State Unveils Route 60 Plans
Addition Of Passings Lanes, New Pavement Coming In $4M Project
A $4 million Route 60 project that will include the addition of passing lanes in the towns of Gerry and Charlotte was unveiled to the public this week during a hearing at Cassadaga Valley Central School.
Local officials say they hope the new lanes will alleviate traffic congestion and make the road safer to travel.
According to the New York State Department of Transportation, two half-mile-long passing lanes will be built along Route 60. One will be in the northbound lane beginning just past Cassadaga Valley school and continuing north, with the second in the southbound lane between Moon Road and Charlotte Hill Road.
The lanes will allow vehicles to pass slower motorists, which at times can be difficult with speeds near 55 mph on the heavily traveled corridor connecting Jamestown and the Dunkirk-Fredonia area.
Route 60 will also be repaved between Salisbury Road in the town of Gerry and Sinclair Drive in the village of Sinclairville.

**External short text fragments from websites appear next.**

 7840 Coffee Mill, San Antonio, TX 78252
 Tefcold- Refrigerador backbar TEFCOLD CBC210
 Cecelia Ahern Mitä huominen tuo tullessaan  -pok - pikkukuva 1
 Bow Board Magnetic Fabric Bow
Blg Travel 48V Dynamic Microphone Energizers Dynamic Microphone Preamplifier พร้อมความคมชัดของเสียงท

The DOT said design approval was expected this month, with construction to begin on the paving and construction project in the spring of 2020. Construction is scheduled to last through the fall of 2020.

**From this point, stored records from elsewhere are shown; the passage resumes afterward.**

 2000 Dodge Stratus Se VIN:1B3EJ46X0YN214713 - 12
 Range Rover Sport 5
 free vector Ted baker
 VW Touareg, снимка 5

“Anything would be an improvement,” said Allen Chase, Charlotte town supervisor. “The town is on board with the addition of any passing lane. We would like to see the lanes off Route 60 because there are some really bad spots to make a turn.”
“I think it’s been needed,” added Rick Heath, Gerry town supervisor. “It wasn’t too long ago that the speed limit was reduced from 55 mph to 45 mph in a spot north of Gerry. That seems to be helping with traffic coming into Gerry. … I do think that passing lanes are definitely going to help.”
Based on design plans from the DOT, the road will widened by 8 feet to make room for each half-mile passing lane. A spokeswoman said the state already owns the land where the road will be expanded.
“We study traffic volumes and speeds when determining where to place passing lanes,” the DOT spokeswoman said.
The project was heralded by former state Sen. Cathy Young, who said the 12-mile stretch of state road that connects Jamestown to Dunkirk has long been called one of the most dangerous in the county.
State officials said about 6,700 vehicles travel every day on that stretch of Route 60, most of which is single lane in each direction. About 30% of motorists are estimated to be driving under the speed limit.
Young, who secured the state funding, said last year, “This is very positive news. This is something we’ve all worked together to get done.”
Former Sheriff Joe Gerace, at a press conference announcing the plan, said 82 people have died in car crashes on Route 60 since 1972. “That’s 82 too many,” Gerace said, noting at the time that extra lanes will limit risk-taking by drivers attempting to overtake slower vehicles. “It’s going to result in fewer injured and fewer people killed.”